Monday, July 03, 2006

Madison 9/11 Conspiracy Professor in National Media

From the Chronicle of Higher Education, a run-down on the controversy over Kevin Barrett, the part-time Madison instructor who believes the U. S. government orchestrated the 9/11 attacks.

Dad29 broke the story, and Jessica McBride jumped on it big time. See her posts here and here and here.

The Chronicle, not surprisingly, seems to see this as an “academic freedom” issue and offers the following quote in support of Barrett:
However, Greg Lukianoff, president of the Foundation for Individual Rights in Education, said that the law is “fairly clear” in its protection of Mr. Barrett’s speech.

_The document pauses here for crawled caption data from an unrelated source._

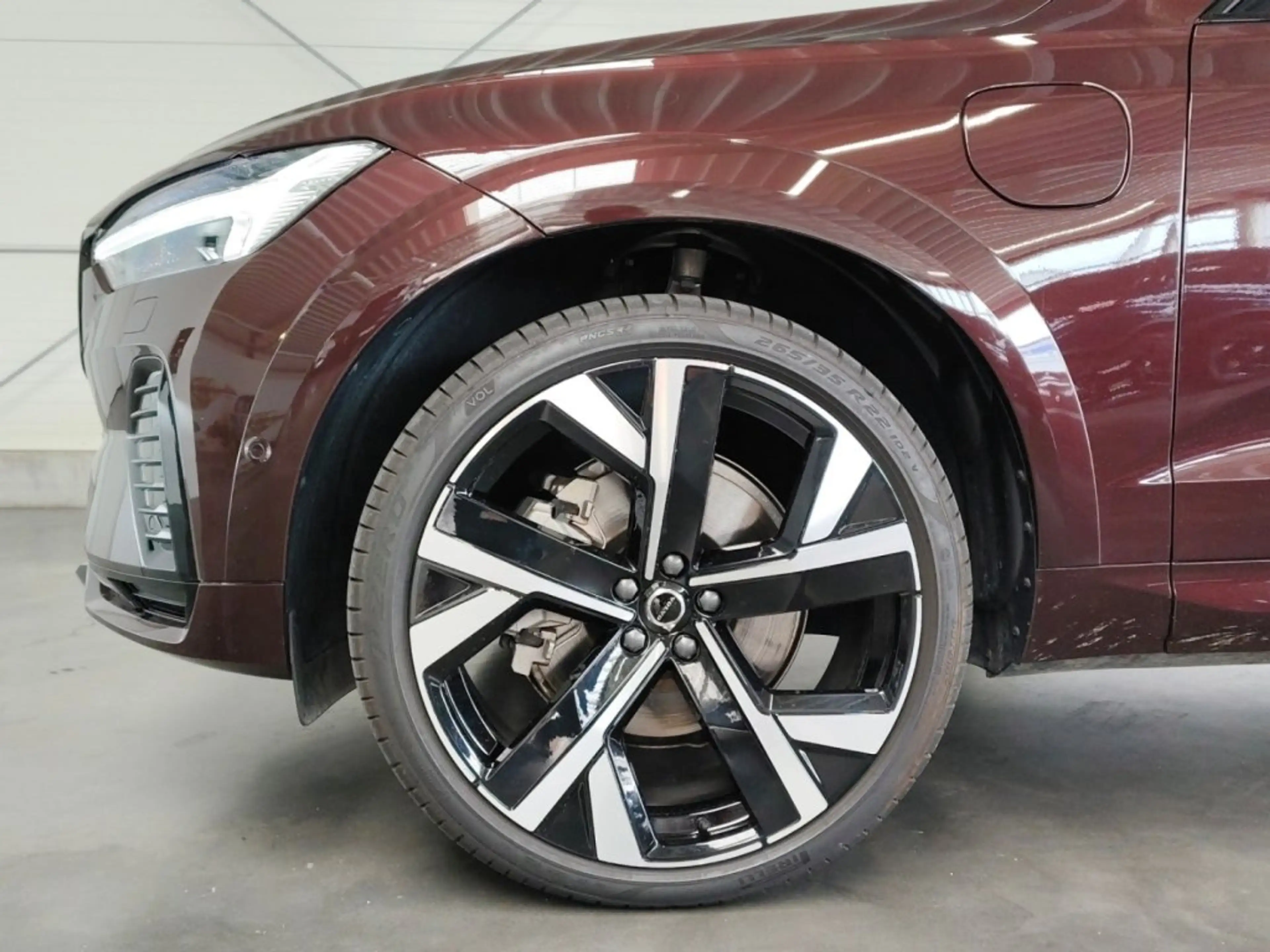 Volvo XC60 Ultra, T6 AWD Plug-in Hybrid, Elektrisch/Benzin, Dark — photo 15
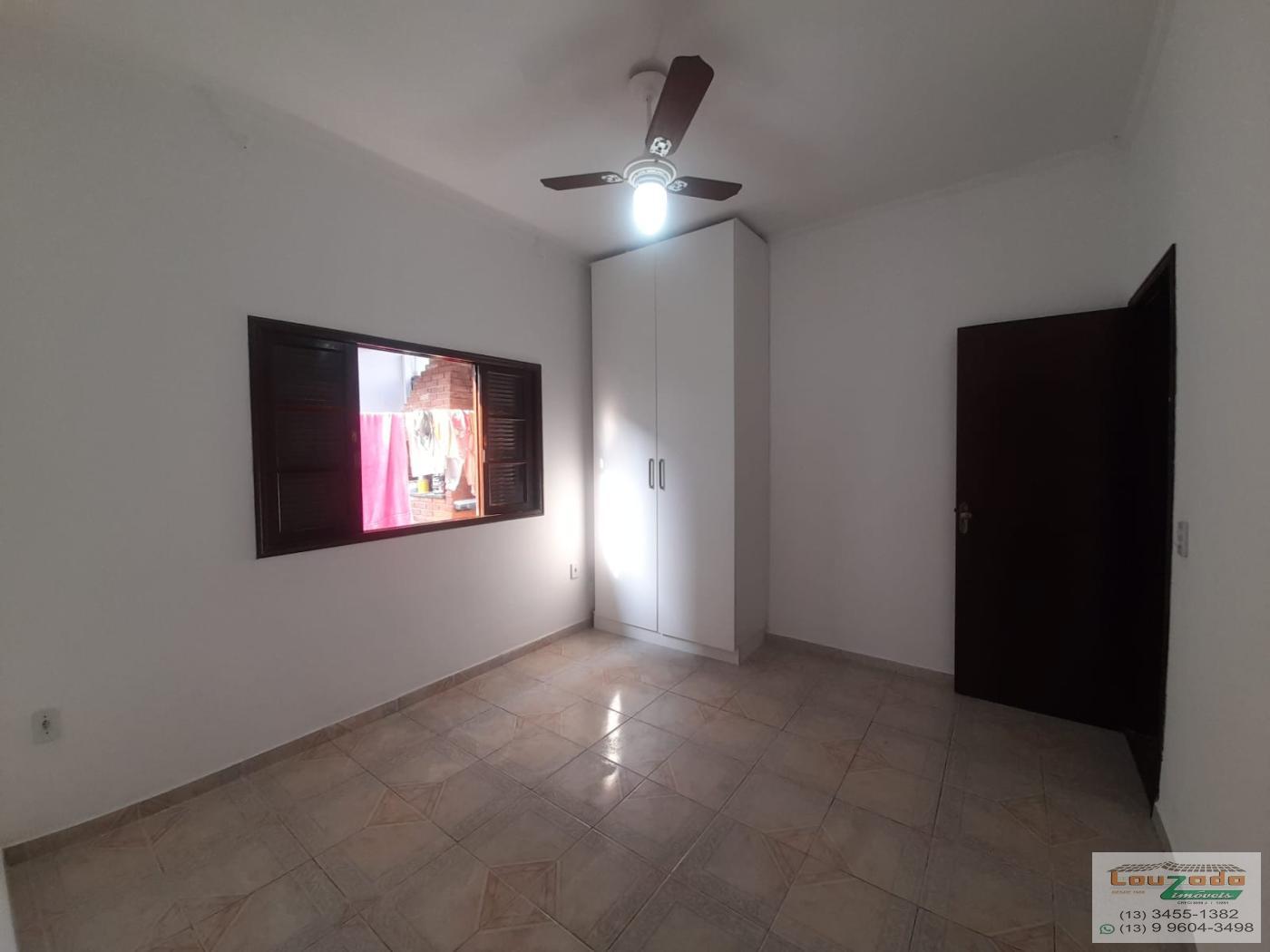 Casa para alugar com 2 quartos, 180m² - Foto 13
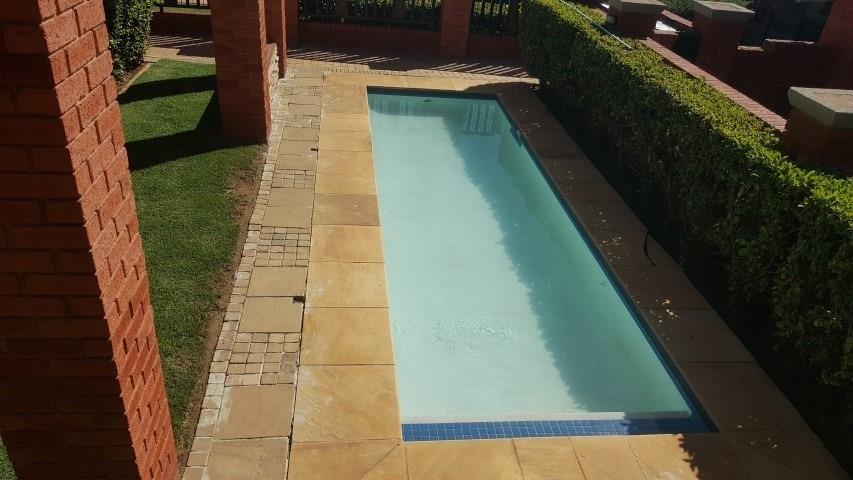 To Let 2 Bedroom Property for Rent in Acacia Gauteng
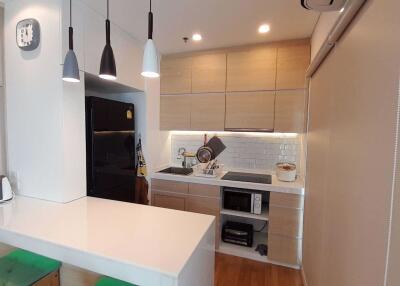 2 bed Condo in Lumpini Place Ratchada-Sathu Chong Nonsi Sub District C018921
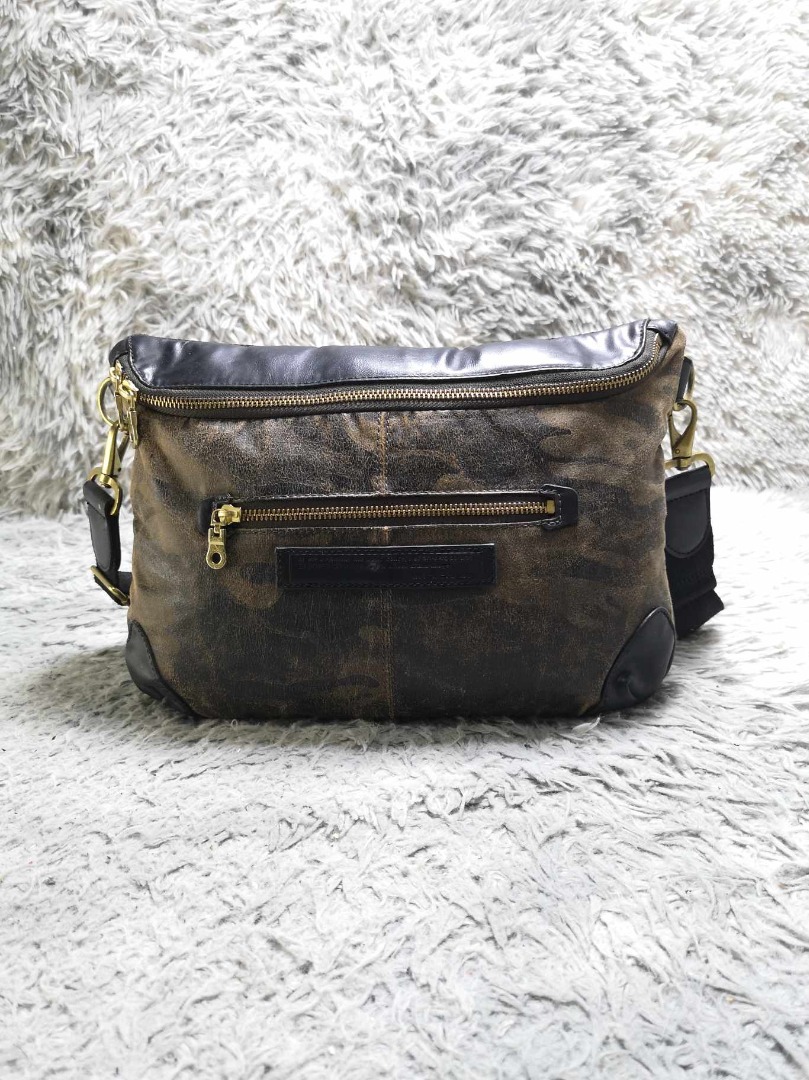 Wavlynn Black Jacquard Faux Leather Messenger Bag With Inner Pockets And Zipper Closure main image 1
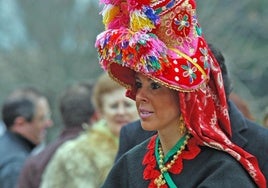 Una mujer con una gorra de Montehermoso.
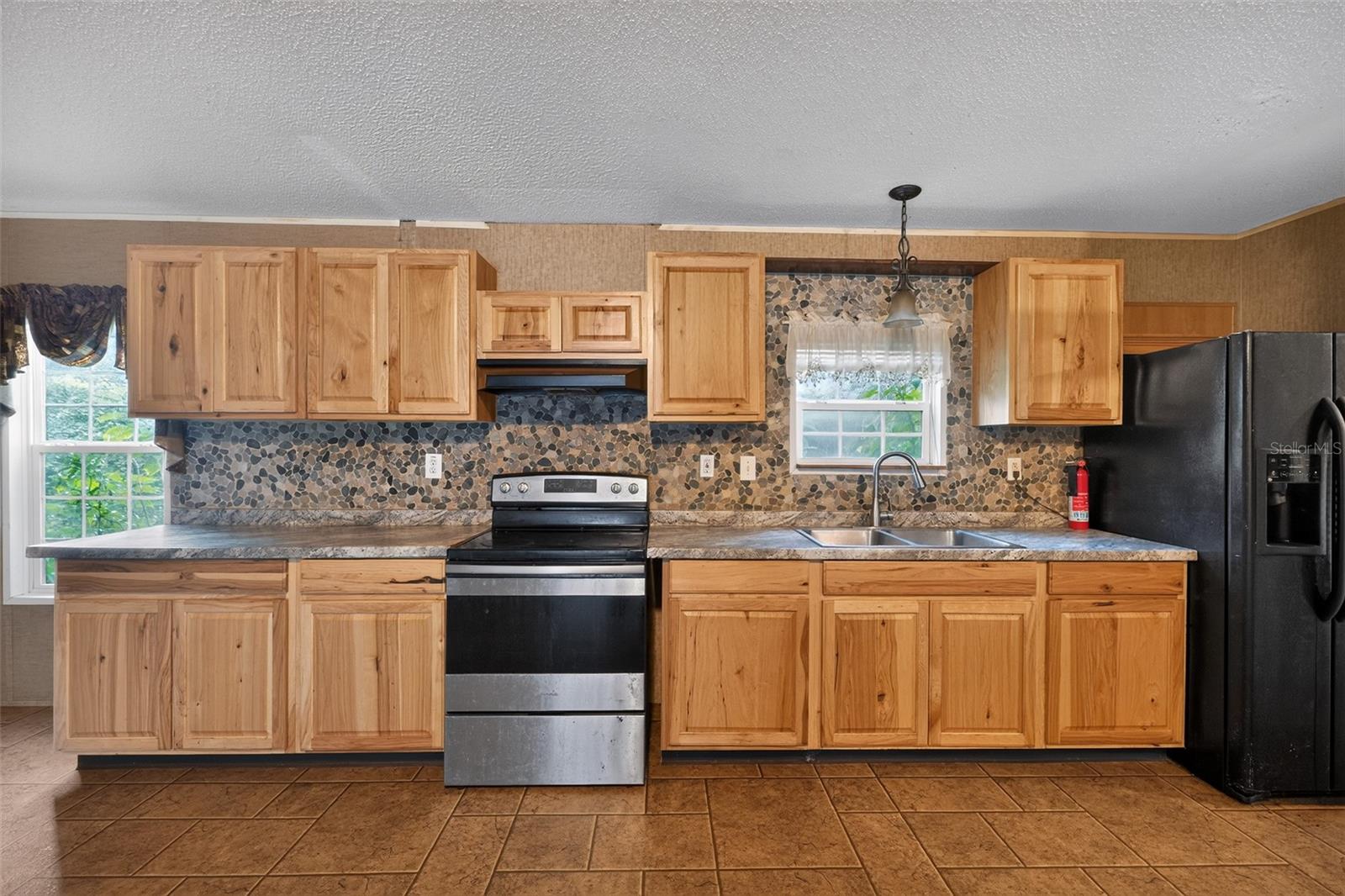 4389 288th Ter Property Photo 14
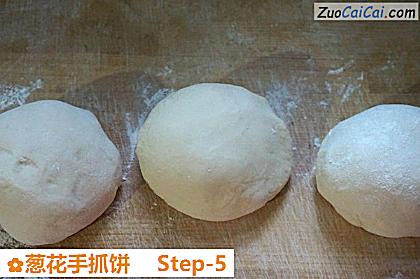 葱花手抓饼做法第五步骤
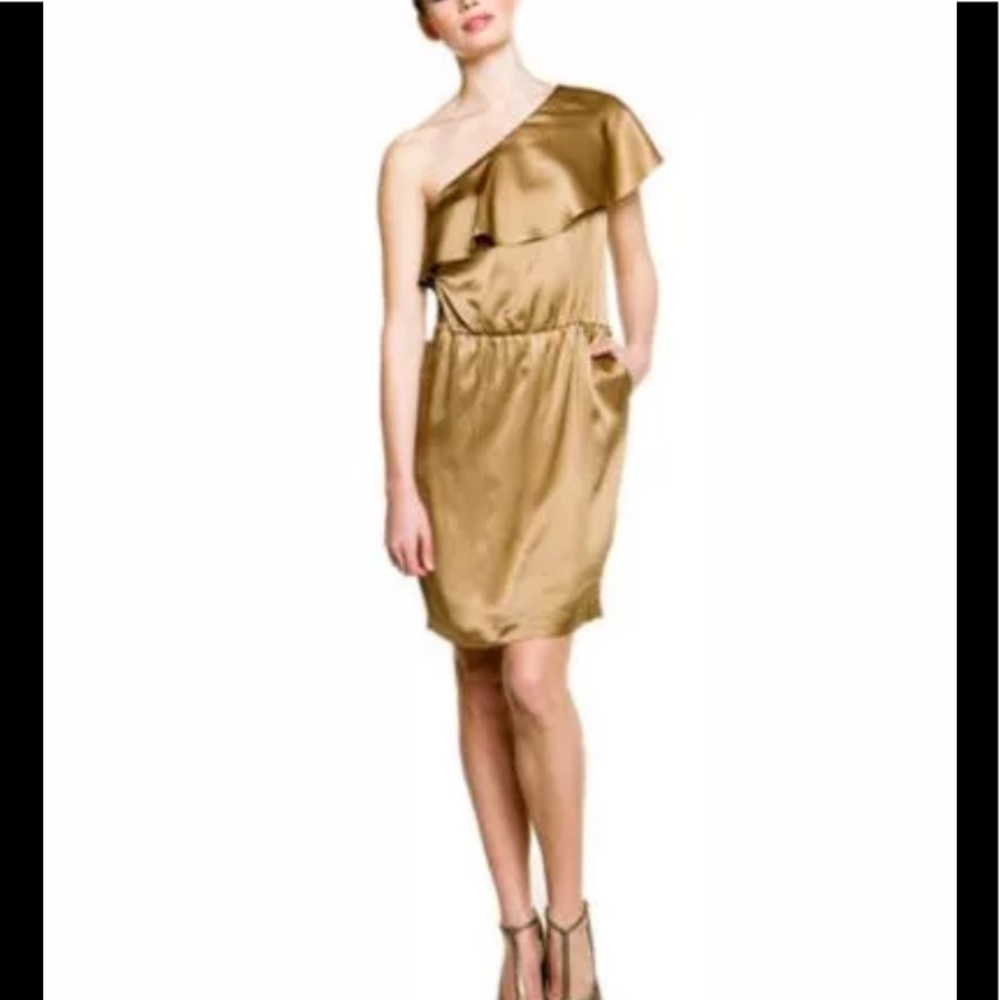 ❤️ Halston Heritage one shoulder silk dress ❤️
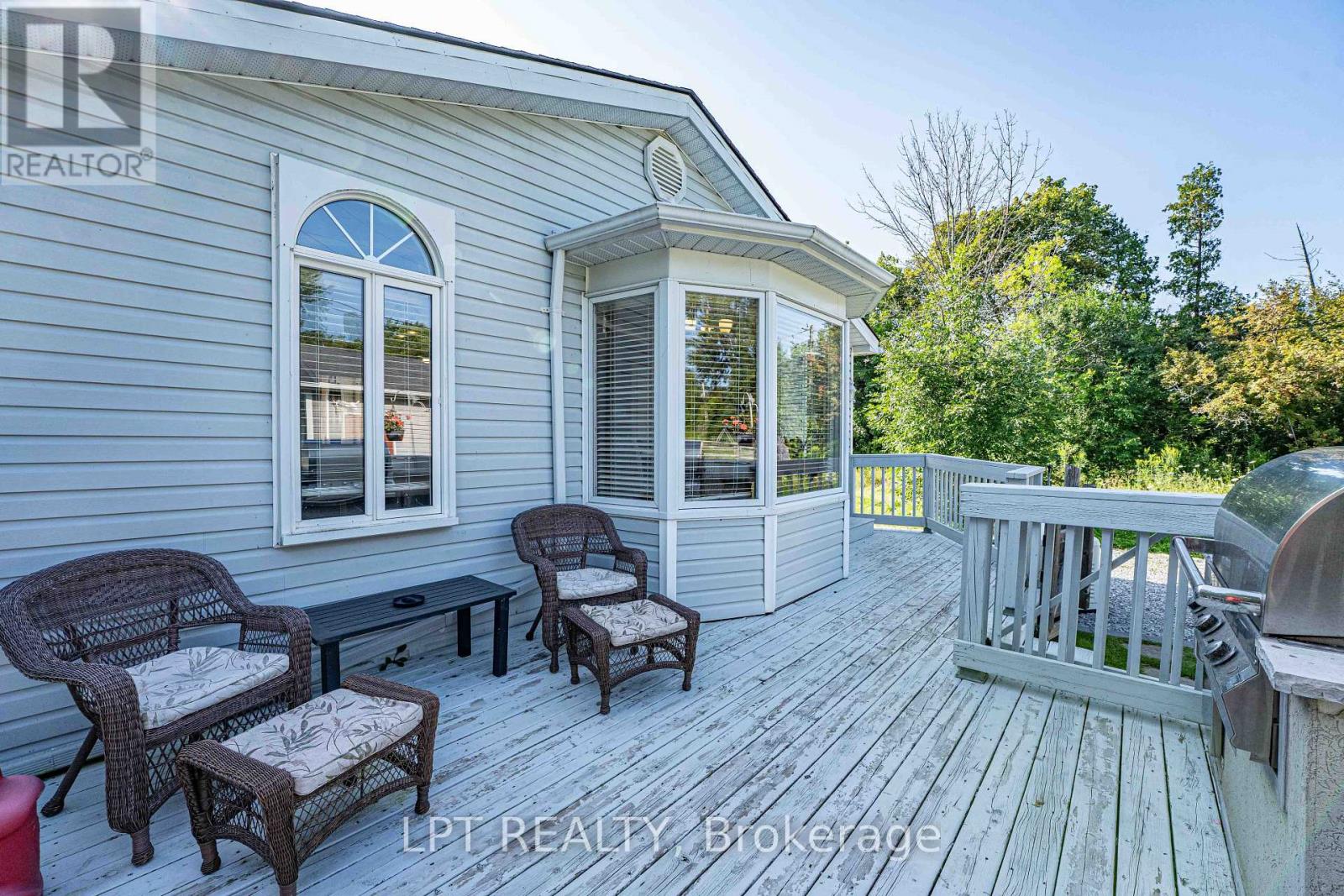 357 Lake Drive N, Georgina, Ontario  L4P 3C8 - Photo 12 - N13709366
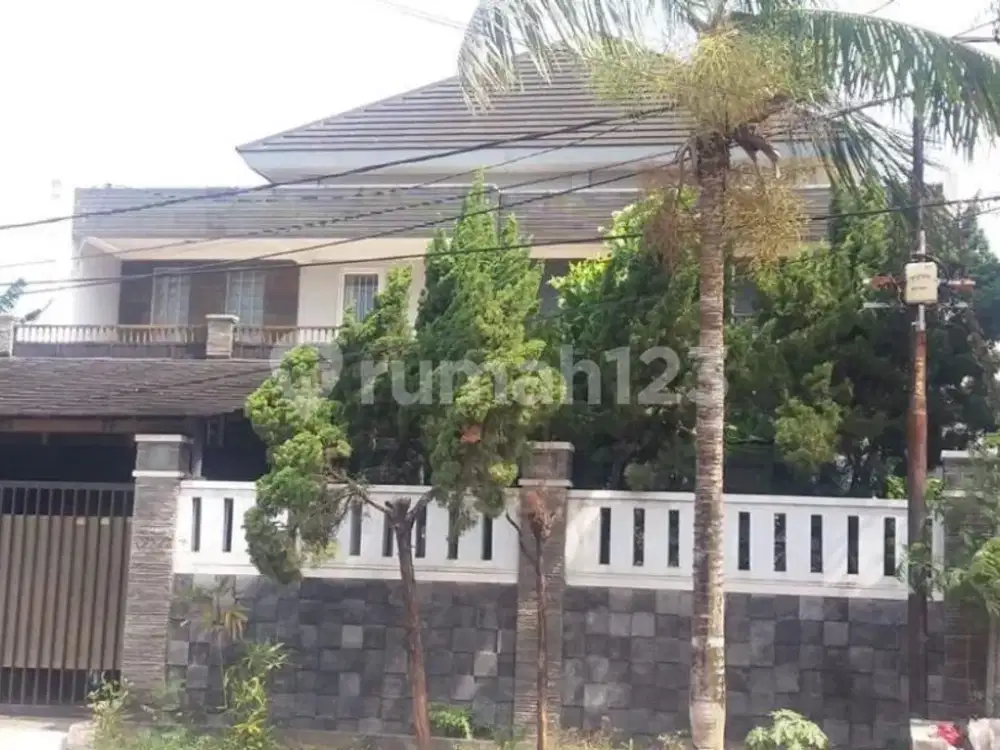 Dijual Rumah 2,5 Lantai SHM Semi Furnished di Komplek Billy Moon Pd Kelapa Duren Sawit Jaktim
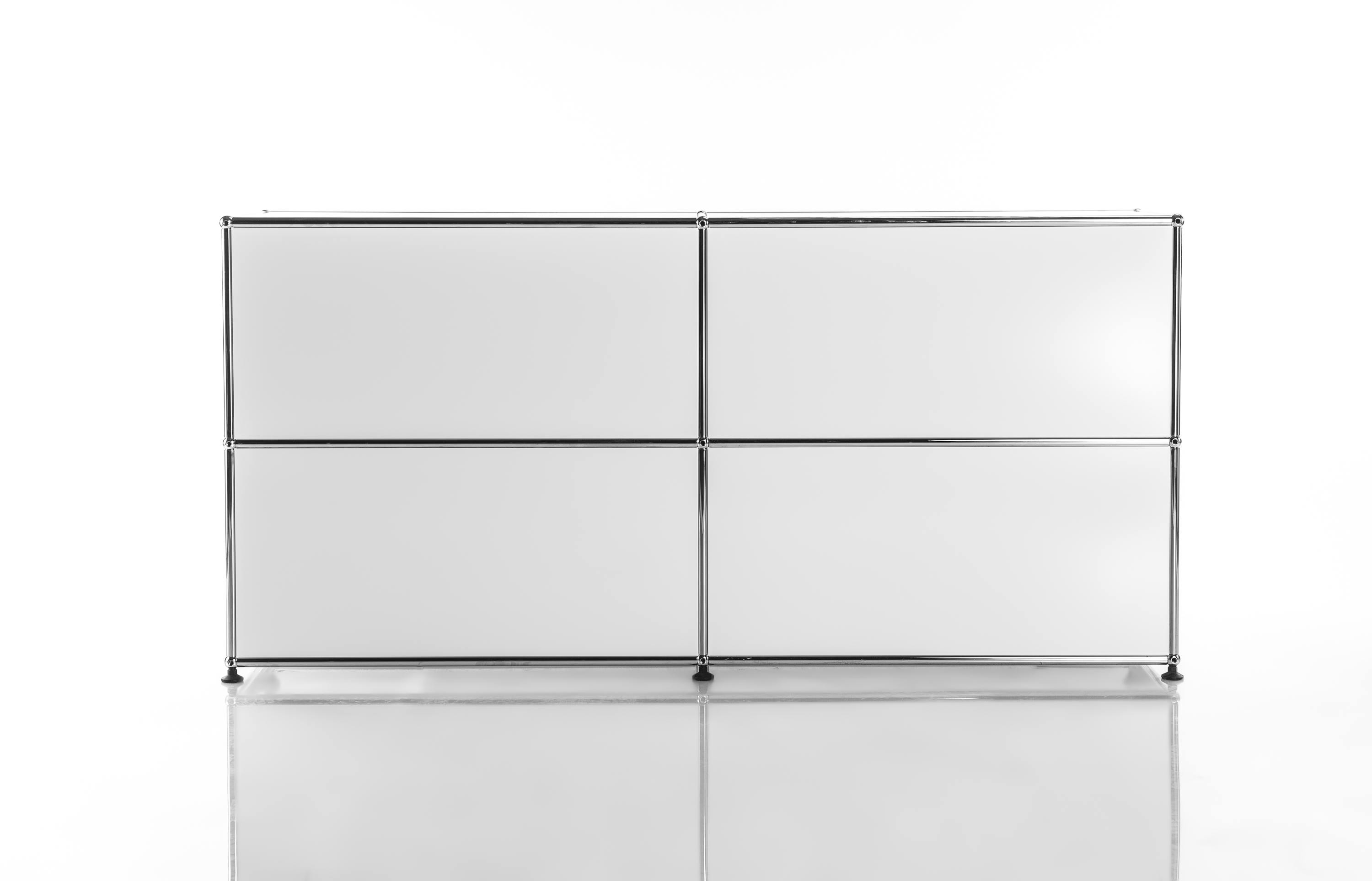Buffet moderne modulaire à quatre compartiments carrés, structure en chrome brillant et panneaux opaques blanc clair. Meuble minimaliste sur petits pieds noirs, avec léger reflet sur sol gris clair.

“We have much more to fear from the erosion of the protections of free speech and academic freedom than we do from the disagreeable opinions of any particular professor,” he said. Mr. Lukianoff added that, even if the university does not find any cause to dismiss Mr. Barrett, the mere act of “reviewing” his teaching has a chilling effect on free speech.

“Investigations themselves, particularly when they’re specifically brought about because of somebody’s opinion, are especially threatening to free speech,” he said.
It’s relevant here that the Foundation for Individual Rights in Education seems to spend most of its time protecting conservative students and faculty from being silenced by the forces of political correctness on college campuses.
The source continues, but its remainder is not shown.